The Climate Disclosure Standards Board (CDSB) — an international consortium of businesses and environmental NGOs launched back in 2007 — this week announced that it was launching a new initiative designed to showcase “forward-thinking businesses” who are adopting the recommendations set out late-June by the G20 Task Force on Climate-related Financial Disclosures’s (TCFD) — which was chaired by Michael R. Bloomberg, and established in December, 2015, by the Financial Stability Board in an effort to “develop a set of voluntary, consistent disclosure recommendations for use by companies in proving information to investors, lenders, and insurance underwriters about their climate-related financial risk.”
The TCFD developed four key recommendations on climate-related financial disclosures that it believes are applicable across sectors and jurisdictions, and which were structured around four themes (PDF):
- Governance: The organization’s governance around climate-related risks and opportunities.
- Strategy: The actual and potential impacts of climate-related risks and opportunities on the organisation’s businesses, strategy, and financial planning.
- Risk Management: The processes used by the organisation to identify, assess and manage climate-related risks.
- Metrics and Targets: The metrics and targets used to assess and manage relevant climate-related risks and opportunities.

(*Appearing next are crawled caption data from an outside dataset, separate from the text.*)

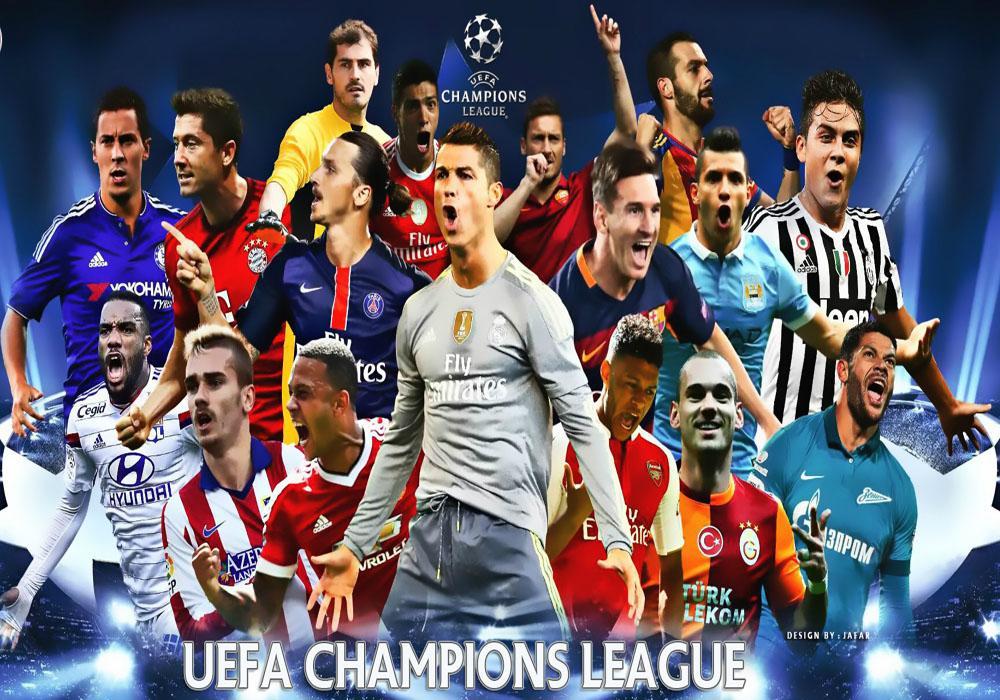 Soccer 17 UEFA Champions League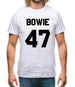 Bowie 47 Mens T-Shirt
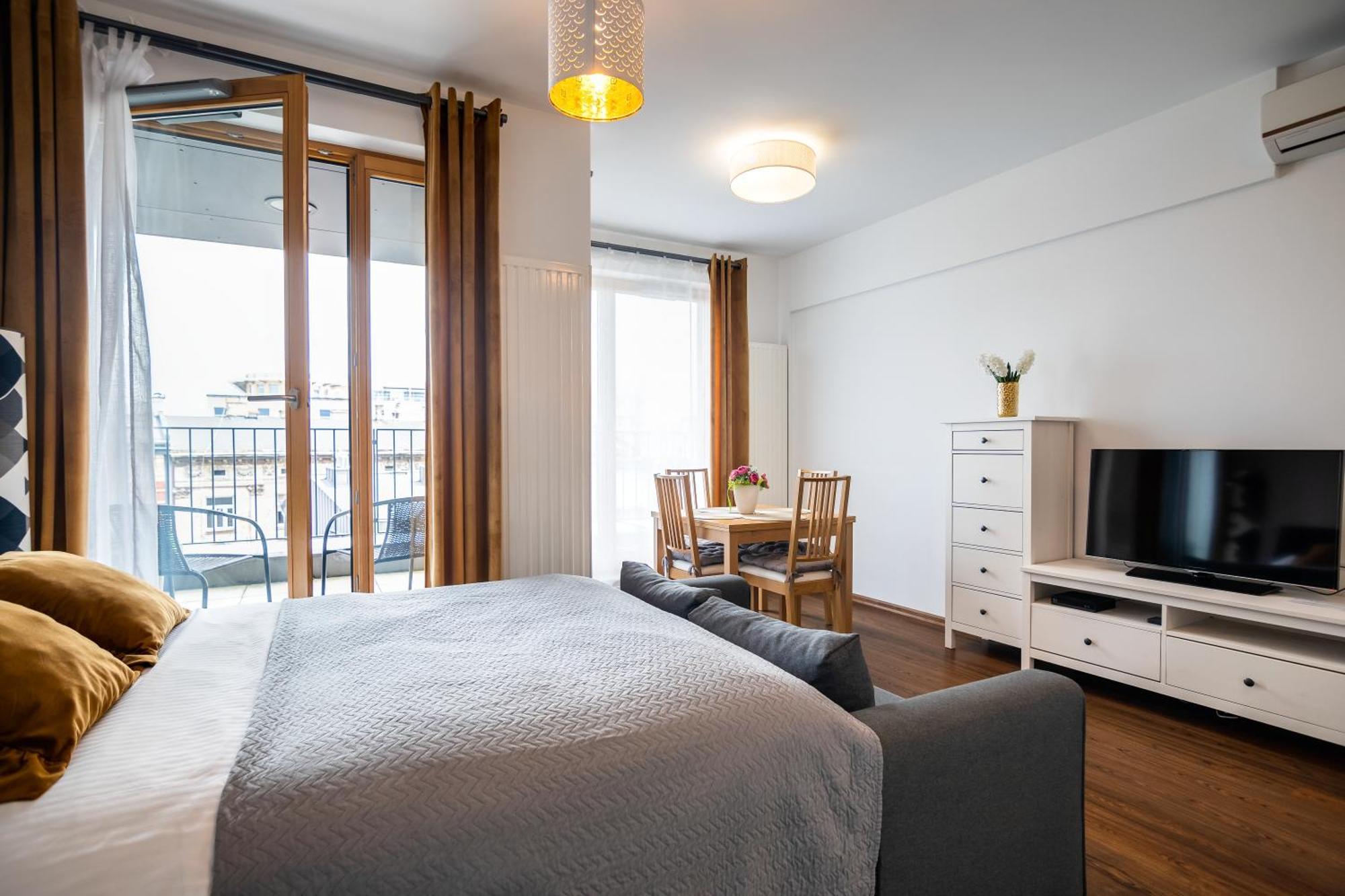 Apartamenty Prestige Browar Lubicz Stare Miasto Cracovia Exterior foto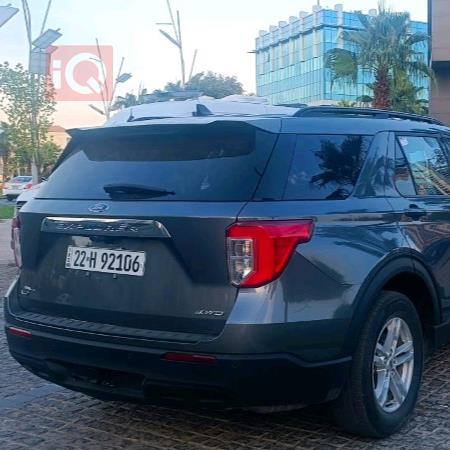 فورد إكسبلورر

“Climate change presents global markets with risks and opportunities that cannot be ignored, which is why a framework around climate-related disclosures is so important,” said Michael Bloomberg at the release of the recommendations. “The Task Force brings that framework to the table, helping investors evaluate the potential risks and rewards of a transition to a lower carbon economy. We’re pleased to see so many businesses and investors around the world support the recommendations of the TCFD and hope others will be encouraged to join our initiative.”
The new initiative launched this week by the Climate Disclosure Standards Board intends to highlight those businesses which are voluntarily accepting these recommendations, in an effort to provide a display of “how the first movers in this space will be practically adopting the recommendations, reporting for the first time on a common and comparable basis to their investors.” Companies that sign up to the initiative will commit to report their climate-related financial information by 2020, and will further encourage other companies to use the “CDSB Climate Change Reporting Framework to implement the recommendations, therefore disclosing climate information in mainstream reports, as defined by the TCFD recommendations.”

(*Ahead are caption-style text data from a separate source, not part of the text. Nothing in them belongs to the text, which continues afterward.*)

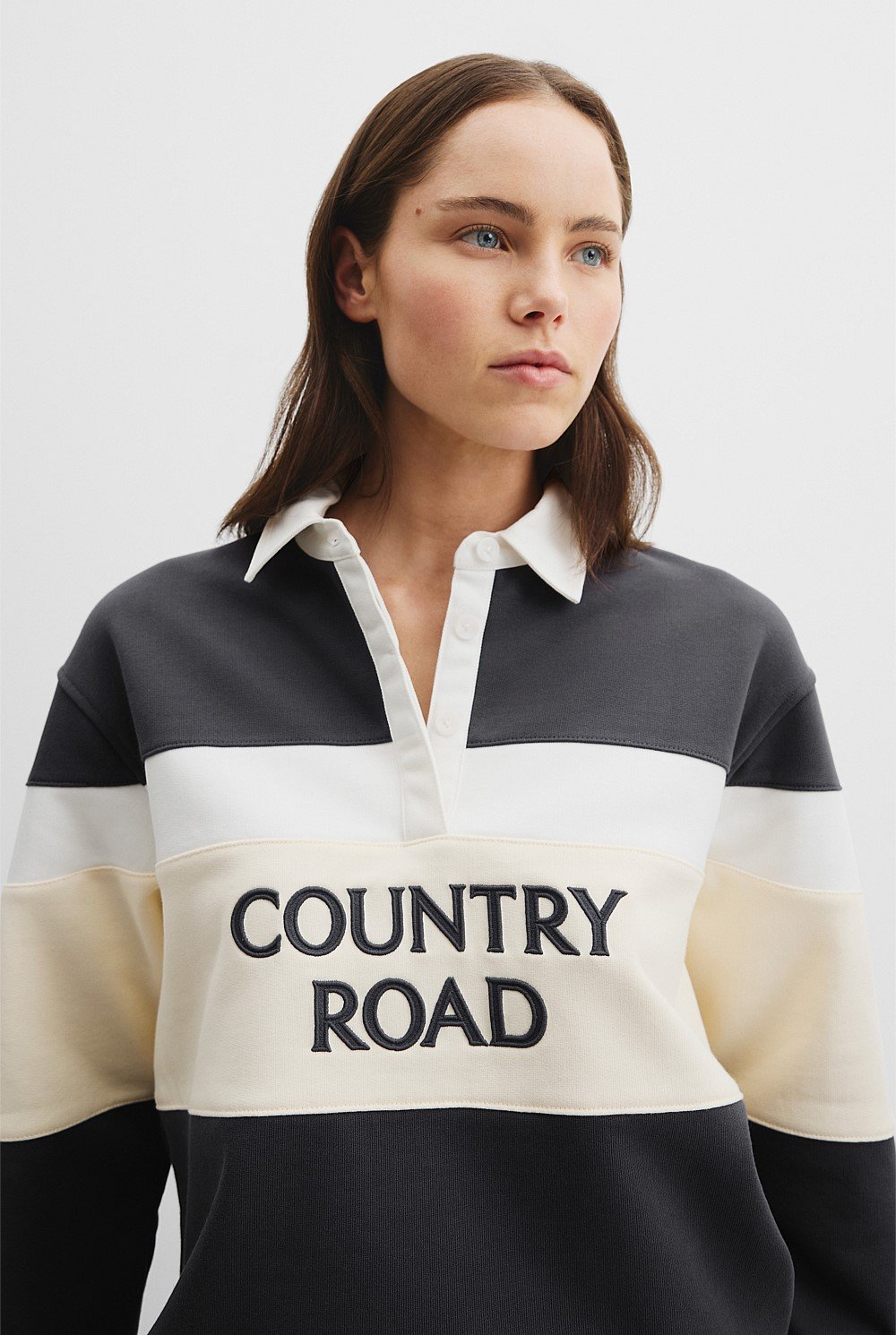 Australian Cotton Rugby Sweat
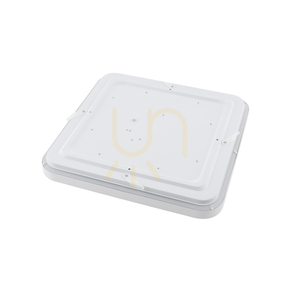 Stropní svítidlo AGNES SQUARE LED PRO 10992 Nowodvorski 32W 4000K 3100lm IP44 43,5 cm bílé small 4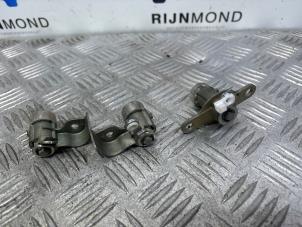 Ignition lock + computer from a Chevrolet Spark (M300) 1.0 16V Bifuel 2011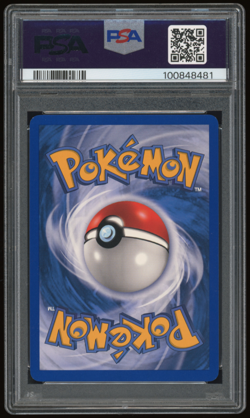 2003 POKEMON AQUAPOLIS 79/147 GRIMER E-READER PSA 9 **LOW POP 36** - Image 4
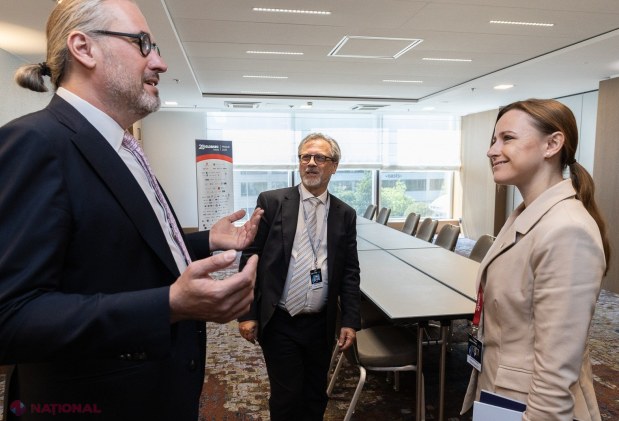 Participarea Republicii Moldova la GLOBSEC 2025: Carolina Novac promovează progresele țării în tranziția energetică și securitatea globală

“This initiative provides a platform that will help companies find the support they need to collect, prepare and disclose this type of information, while showcasing the leadership of those who will report on climate risks with adequate rigour for the first time,” said Richard Samans, Chairman, Climate Disclosure Standards Board. “Adopting the TCFD recommendations will contribute to the creation of more efficient, climate-resilient markets.”